| EXERCISE INSTRUCTIONS |
Set out exactly, line by line, the stretch of data below that begins at the line containing "Chic Brown Turtleneck Sweater" and ends at the line containing "Paris Georgia Cocoon Sweatpants In Brown", with both ends kept.

Scraped caption text data
▼

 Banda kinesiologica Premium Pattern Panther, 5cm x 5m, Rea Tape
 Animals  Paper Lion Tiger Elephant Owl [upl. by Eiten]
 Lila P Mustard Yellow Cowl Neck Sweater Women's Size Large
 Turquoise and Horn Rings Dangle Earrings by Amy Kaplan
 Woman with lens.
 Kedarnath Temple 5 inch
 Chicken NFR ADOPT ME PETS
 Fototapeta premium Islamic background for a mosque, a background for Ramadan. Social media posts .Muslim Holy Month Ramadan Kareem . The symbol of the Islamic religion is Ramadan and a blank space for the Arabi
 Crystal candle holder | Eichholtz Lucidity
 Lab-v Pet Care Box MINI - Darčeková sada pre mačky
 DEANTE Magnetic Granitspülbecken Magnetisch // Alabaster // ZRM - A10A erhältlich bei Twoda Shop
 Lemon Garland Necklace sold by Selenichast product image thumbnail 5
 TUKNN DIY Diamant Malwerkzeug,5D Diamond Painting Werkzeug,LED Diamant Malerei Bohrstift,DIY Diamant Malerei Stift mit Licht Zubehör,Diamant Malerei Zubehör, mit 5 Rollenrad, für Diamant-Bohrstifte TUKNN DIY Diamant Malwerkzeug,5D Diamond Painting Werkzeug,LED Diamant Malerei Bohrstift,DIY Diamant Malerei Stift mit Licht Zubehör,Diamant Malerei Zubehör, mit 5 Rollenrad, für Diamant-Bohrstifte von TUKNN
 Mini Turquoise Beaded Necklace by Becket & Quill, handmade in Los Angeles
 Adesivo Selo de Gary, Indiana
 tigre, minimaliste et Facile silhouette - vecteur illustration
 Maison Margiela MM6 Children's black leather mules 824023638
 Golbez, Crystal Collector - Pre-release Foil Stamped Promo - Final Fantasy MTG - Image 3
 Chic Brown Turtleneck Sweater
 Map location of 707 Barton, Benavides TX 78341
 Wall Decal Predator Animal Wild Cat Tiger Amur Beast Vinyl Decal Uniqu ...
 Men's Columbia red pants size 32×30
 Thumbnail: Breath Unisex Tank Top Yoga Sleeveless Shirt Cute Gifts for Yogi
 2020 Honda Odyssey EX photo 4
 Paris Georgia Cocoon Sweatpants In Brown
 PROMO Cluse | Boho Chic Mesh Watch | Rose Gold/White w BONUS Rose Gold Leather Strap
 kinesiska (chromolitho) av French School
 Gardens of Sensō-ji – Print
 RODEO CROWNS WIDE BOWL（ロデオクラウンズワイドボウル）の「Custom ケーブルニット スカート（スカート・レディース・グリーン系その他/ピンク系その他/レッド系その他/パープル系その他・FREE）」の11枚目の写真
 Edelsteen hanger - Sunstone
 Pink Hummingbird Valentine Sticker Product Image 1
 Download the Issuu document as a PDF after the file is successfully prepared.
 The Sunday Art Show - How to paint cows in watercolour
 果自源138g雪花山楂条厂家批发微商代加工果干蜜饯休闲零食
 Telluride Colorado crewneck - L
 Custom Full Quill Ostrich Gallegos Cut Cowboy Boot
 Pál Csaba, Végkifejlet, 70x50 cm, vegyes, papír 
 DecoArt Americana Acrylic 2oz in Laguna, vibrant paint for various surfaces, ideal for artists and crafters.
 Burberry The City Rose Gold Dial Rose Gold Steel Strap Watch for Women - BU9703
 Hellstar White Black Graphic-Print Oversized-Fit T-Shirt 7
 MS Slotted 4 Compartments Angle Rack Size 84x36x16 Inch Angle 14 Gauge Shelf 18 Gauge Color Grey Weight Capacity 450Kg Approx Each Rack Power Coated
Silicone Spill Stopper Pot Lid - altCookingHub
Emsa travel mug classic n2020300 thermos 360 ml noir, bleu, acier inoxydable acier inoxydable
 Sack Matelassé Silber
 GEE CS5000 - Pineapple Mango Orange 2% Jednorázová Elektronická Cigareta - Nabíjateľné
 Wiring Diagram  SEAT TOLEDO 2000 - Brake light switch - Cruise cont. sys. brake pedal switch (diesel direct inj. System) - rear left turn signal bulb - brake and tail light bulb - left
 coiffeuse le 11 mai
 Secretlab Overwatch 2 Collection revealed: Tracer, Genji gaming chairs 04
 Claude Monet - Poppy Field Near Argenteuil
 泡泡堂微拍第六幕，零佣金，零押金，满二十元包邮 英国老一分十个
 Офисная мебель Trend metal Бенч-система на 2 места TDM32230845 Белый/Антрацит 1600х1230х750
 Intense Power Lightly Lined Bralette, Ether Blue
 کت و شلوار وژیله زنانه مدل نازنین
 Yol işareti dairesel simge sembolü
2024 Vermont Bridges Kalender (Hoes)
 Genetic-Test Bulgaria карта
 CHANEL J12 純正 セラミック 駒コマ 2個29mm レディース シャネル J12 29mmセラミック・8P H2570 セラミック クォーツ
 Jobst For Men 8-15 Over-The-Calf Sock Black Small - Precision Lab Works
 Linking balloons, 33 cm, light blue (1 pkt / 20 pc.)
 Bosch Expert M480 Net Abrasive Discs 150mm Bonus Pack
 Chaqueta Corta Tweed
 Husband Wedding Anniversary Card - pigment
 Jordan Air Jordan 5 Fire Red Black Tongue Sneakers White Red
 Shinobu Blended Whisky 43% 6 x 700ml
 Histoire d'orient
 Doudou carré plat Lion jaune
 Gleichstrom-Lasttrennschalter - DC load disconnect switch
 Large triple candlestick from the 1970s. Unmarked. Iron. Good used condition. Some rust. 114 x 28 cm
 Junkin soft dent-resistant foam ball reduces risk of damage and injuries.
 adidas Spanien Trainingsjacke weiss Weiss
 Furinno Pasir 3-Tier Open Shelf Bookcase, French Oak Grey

▲

| OUTPUT BELOW |
 Chic Brown Turtleneck Sweater
 Map location of 707 Barton, Benavides TX 78341
 Wall Decal Predator Animal Wild Cat Tiger Amur Beast Vinyl Decal Uniqu ...
 Men's Columbia red pants size 32×30
 Thumbnail: Breath Unisex Tank Top Yoga Sleeveless Shirt Cute Gifts for Yogi
 2020 Honda Odyssey EX photo 4
 Paris Georgia Cocoon Sweatpants In Brown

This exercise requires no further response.